Harry Mazer (May 31, 1925 in New York City – April 7, 2016 in Montpelier, Vermont) was an American writer of books for children and young adults, acclaimed for his "realistic" novels. He has written twenty-two novels, including The Solid Gold Kid, The Island Keeper, Heroes Don't Run, and Snow Bound (the latter of which was adapted as a Special Treat for NBC), as well as one work of poetry and a few short stories.

After attending the Bronx High School of Science Mazer served in World War II in the U.S. Army Air Force from 1943 to 1945. He became a sergeant, and he received a Purple Heart and an Air Medal with four bronze oak leaf clusters after his B-17 bomber was shot down over Czechoslovakia in April 1945. His wartime experiences eventually inspired several works of historical fiction, including The Last Mission and the Boy at War series (A Boy at War, A Boy No More, and Heroes Don't Run). After returning to the U.S., Mazer went to Union College, where he earned a BA in 1948. From 1950 to 1955 he was a railroad brakeman and switchtender for New York Central. He was an English teacher in upstate New York at the Central Square School for a year, in 1959. In 1960 he received a M.A. from Syracuse University.

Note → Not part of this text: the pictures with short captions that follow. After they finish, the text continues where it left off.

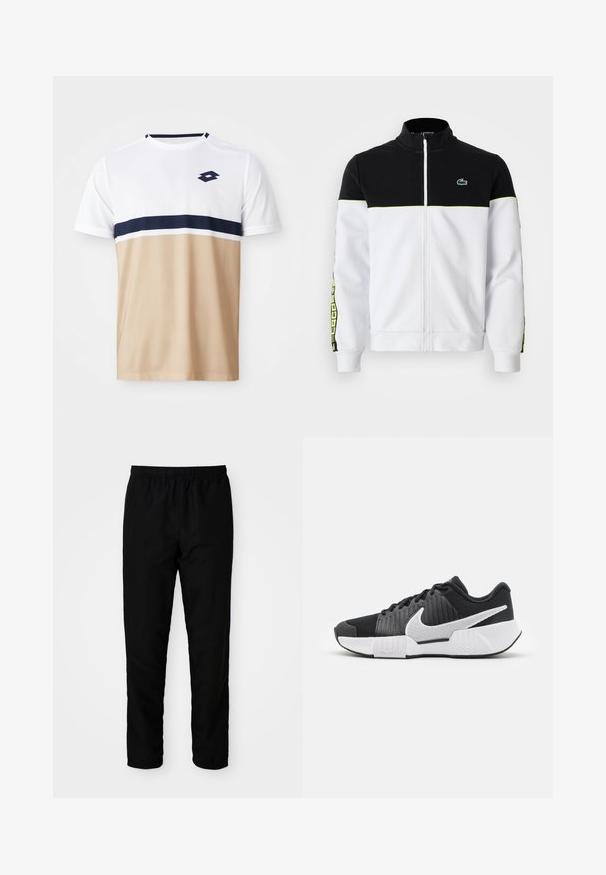 Koko-zip takki, jossa on musta yläosa, valkoinen alaosa, neonvihreä reunus, kuvioidut sivu-urheilunauhat ja pieni vihreä krokotiililogo rinnassa.; Urheilupaita lyhyillä hihoilla, jossa on valkoinen yläosa, laivastonsinisiä ja valkoisia vaakaraitoja, sekä beige alaosa, jossa on teksturoitu pinta.; Mustat joustovyötäröiset housut suoran leikkauksen omaavina, valmistettu sileästä kankaasta, jossa on joustavat resorit nilkoissa ja ei näkyviä taskuja.; Mustat urheilukengät, joissa on tekstuuri päällä, valkoinen swoosh-logo, pehmustettu kanta ja kontrastivalkoinen pohja, jossa on sahalaitakuviota.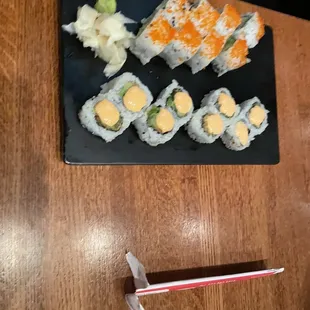 California Maki and Avocado Tempura Maki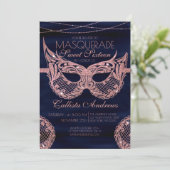 Navy Rose Gold Glitzer Lace Masquerade Sweet 16 Einladung (Stehend Vorderseite)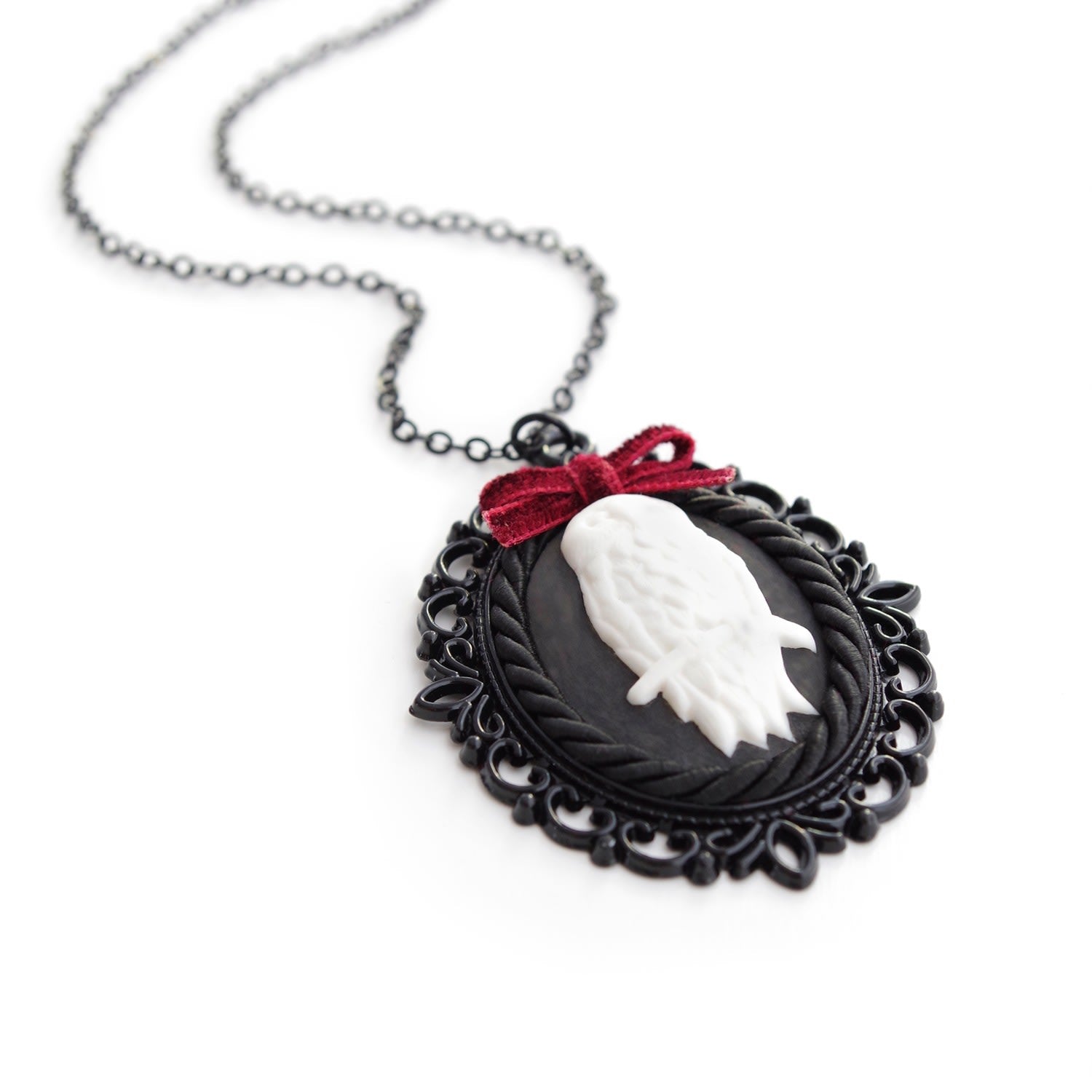 Dark Romance Porcelain Owl Cameo Necklace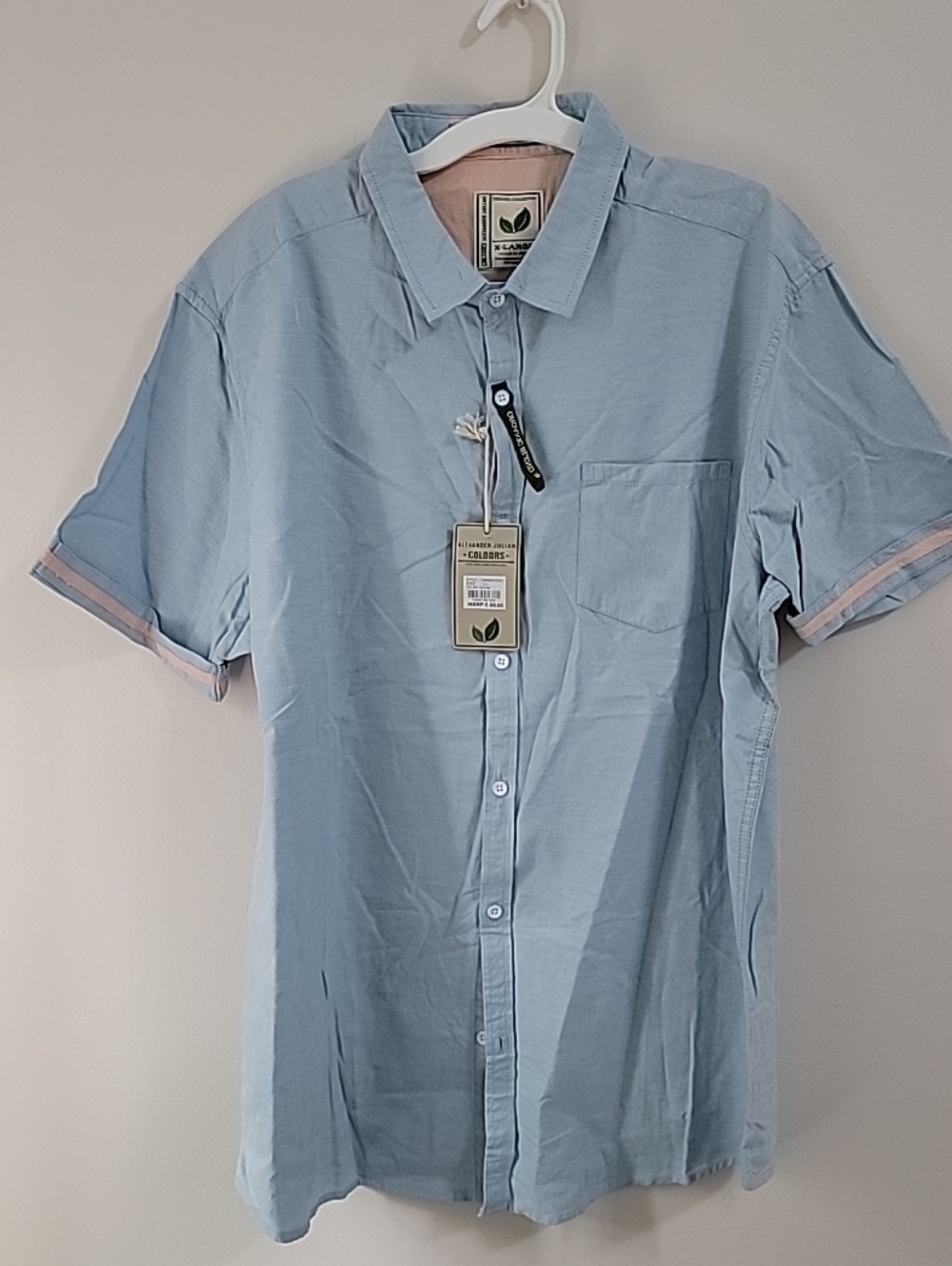 Light Blue Men's Short-Sleeve Button-Up Shirt by
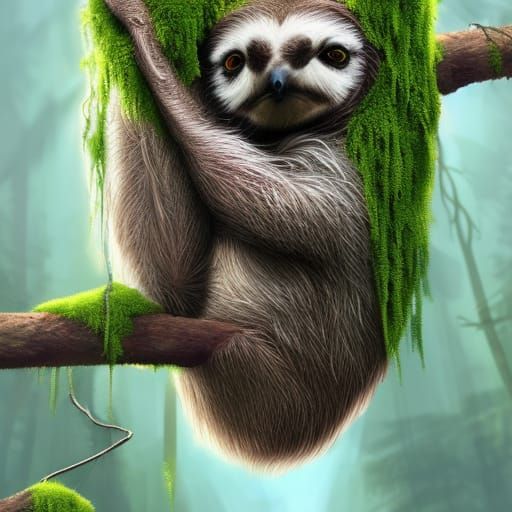 Hyperrealistic Sloth-Owl Hybrid in Detailed Matte Painting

He has won numerous awards including several 'Best Books' designations from the American Library Association, The Knickerbocker Award from the New York Library Association (2001), and The ALAN Award for Contributions to Young Adult Literature (2003).

Mazer co-authored three books with his late wife, Norma Fox Mazer. He is the father of author Anne Mazer.